To the resentment of those like Niles Crane, I suppose what I’m encouraging is pop psychology, but taken up by the layman. The reason, I think you’ll agree, is because people can be a lot sometimes, and it’s best to take them bit by bit. Last June, David Brooks of the New York Times touted what he called “personalism,” an essential philosophy suited to cure what ails this time. More than any piece I have read in a while, I believe him and his insight into this point-of-view that asks us to take people for the substantive and organic people they are.

To those of you still reading after I apparently just discredited myself as someone outside the field, I would say it’s appropriate for me, as someone who has no real qualifications, to reiterate the importance of being a layman. If you’re going to get to know and (possibly) love your neighbor, you need to know thyself. Or yourself, depending on who you are.
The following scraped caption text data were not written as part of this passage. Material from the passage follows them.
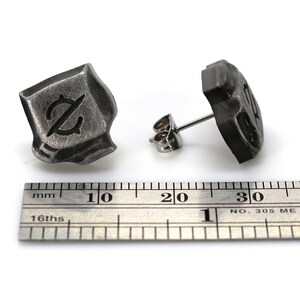 May include: A pair of silver stud earrings with a textured, square-shaped design. Each earring features a stylized letter "Z" in the center.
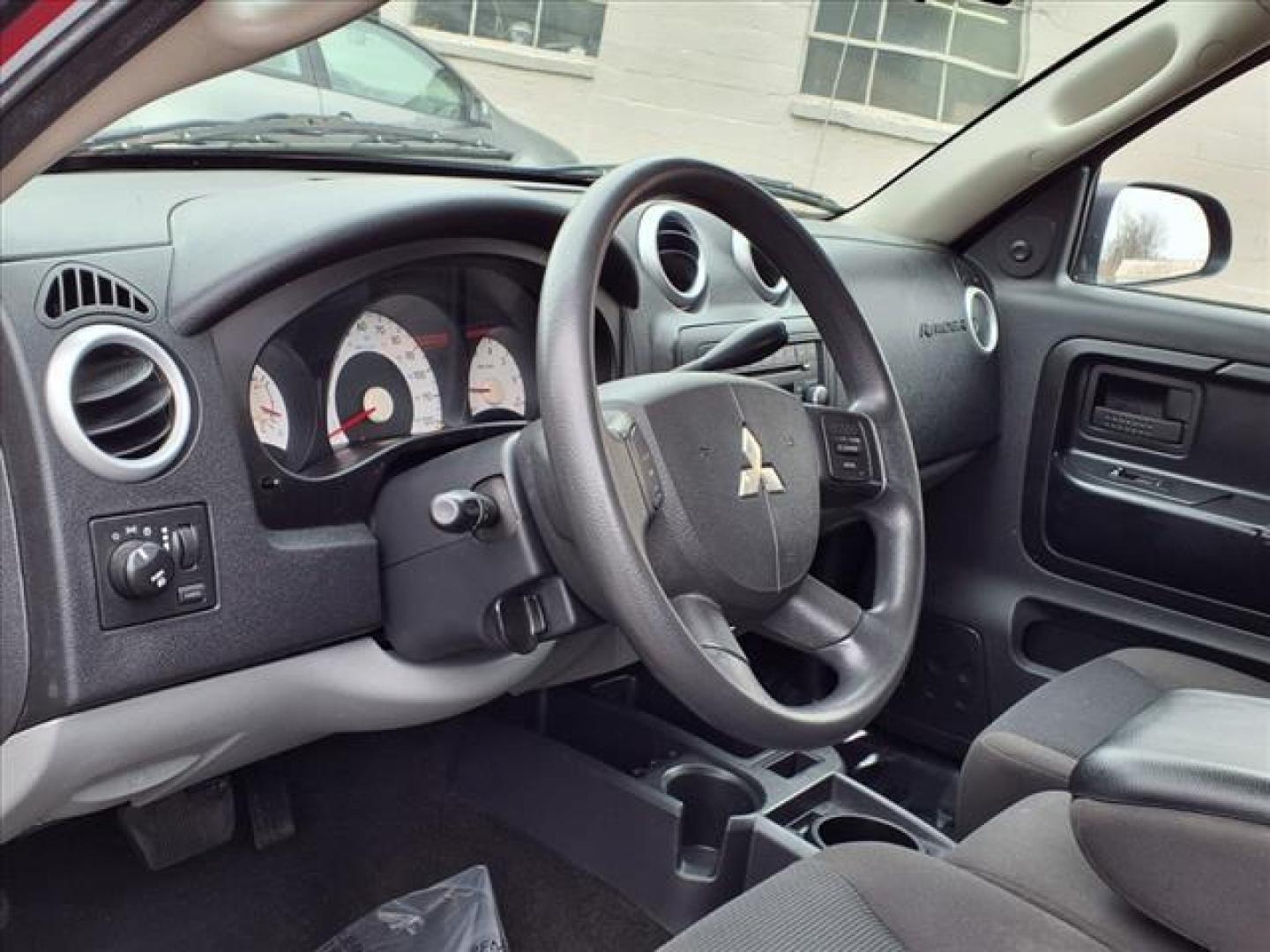2008 Lava Red Mitsubishi Raider LS (1Z7HC22K38S) with an 3.7L 3.7L V6 210hp 235ft. lbs. Fuel Injected engine, 4-Speed Automatic transmission, located at 50 Eastern Blvd., Essex, MD, 21221, (410) 686-3444, 39.304367, -76.484947 - Photo#10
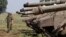 Israeli soldiersjavascript:WebForm_DoPostBackWithOptions(new%20WebForm_PostBackOptions("ctl00$ctl00$ctl00$cphContent$cphContent$cphToolbarUp$tbiSave",%20"",%20true,%20"art",%20"",%20false,%20true)) walk near tanks close to the ceasefire line between Israel and Syria on the Israeli occupied Golan Heights, May 6, 2013.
It’s the proverbial golden rule, which I would admonish to you as a Christian.

What I’m calling for is “street psychology.” Ultimately, it is a matter of giving people the consideration and recognition they deserve, not through excessive praise but by giving them the empathy that moves things along. Not to be a bigger person, but to be the sort who diffuses issues as they arise. Generally, people are simpler than you think when seeing them through the lense of yourself.

University standards already require students to take a variety of classes with the intention of making them well-rounded. There are a number of things, including the sciences, history and philosophy that should be taken advantage of. We can all remember that song covered by every ’60s singer and Leonard Nimoy, “Think of your fellow man/Lend him a helping hand/put a little love in your heart.”

Well, there’s something to keep in mind with that: you don’t really know all that much about yourself. At least, not the person other people know. Perhaps it’s just me and my socially (e)strange(d) quality that makes me realize this, but it’s something you think about when you hear yourself on the recording. Cringing when I hear the sound of my own voice isn’t a luxury I’ve been able to keep now that I’m on the radio, but the principle is still there. People don’t hear the voice you hear. They don’t see the face you see in your mind, which is something I’ve had to get used to because I’ve been told I make some unpleasant expressions when I’m not aware.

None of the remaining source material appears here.